◆ THE TASK
Extract the lines up to and including the one that contains "A person holding the American flag", starting with the first line of the entries below, and omit the pictures.

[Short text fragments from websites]
────────────────────────────────────────

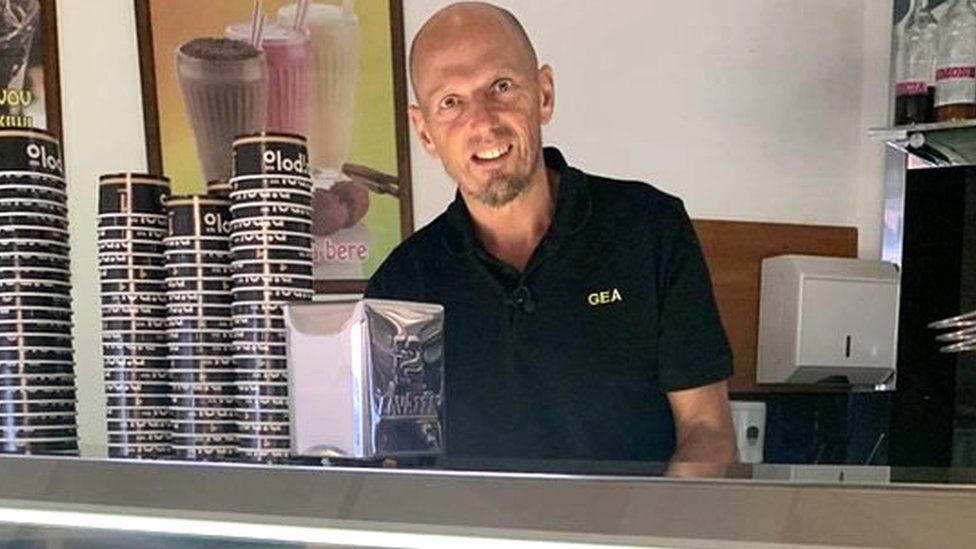 Ice-cream shop owner, Gianadrea Pipolo at his shop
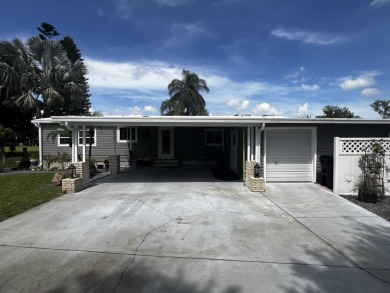 This beautifully updated 2-bedroom, 2-bathroom unfurnished home on Lake Henry Golf Club in Florida - for sale on GolfHomes.com, golf home, golf lot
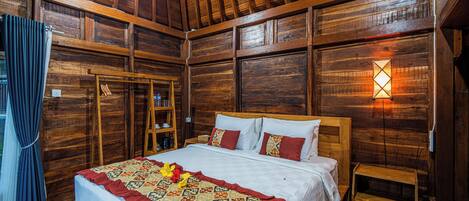 A wooden room with a bed, a nightstand, and a wall-mounted light fixture.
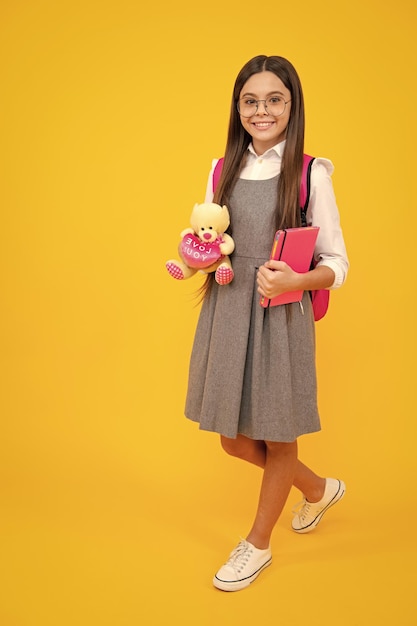 School girl hold toy school children with favorite toys on yellow isolated background childhood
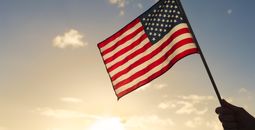 A person holding the American flag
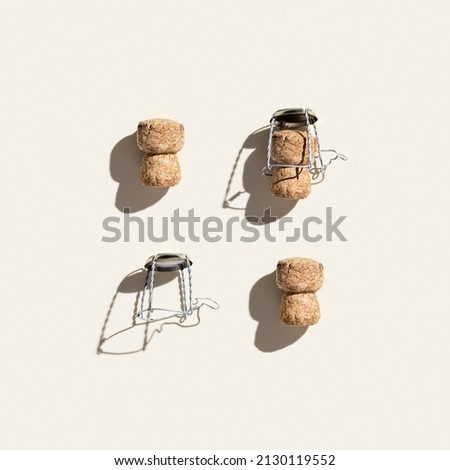 Creative pattern with champagne cork on beige background with hard light and shadows at sunlight. Minimal style layout with bottle cap from sparkling wine and metal wire muselet, top view, flat lay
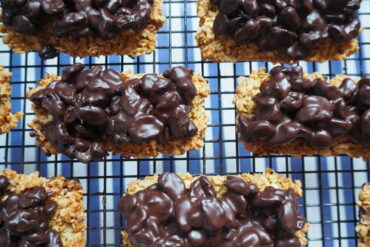 Close up of rectangular flapjack topped with dark chocolate raisins on a wire cooling rack with blue and white striped background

────────────────────────────────────────

◆ RESULT
 Ice-cream shop owner, Gianadrea Pipolo at his shop
 This beautifully updated 2-bedroom, 2-bathroom unfurnished home on Lake Henry Golf Club in Florida - for sale on GolfHomes.com, golf home, golf lot
 A wooden room with a bed, a nightstand, and a wall-mounted light fixture.
 School girl hold toy school children with favorite toys on yellow isolated background childhood
 A person holding the American flag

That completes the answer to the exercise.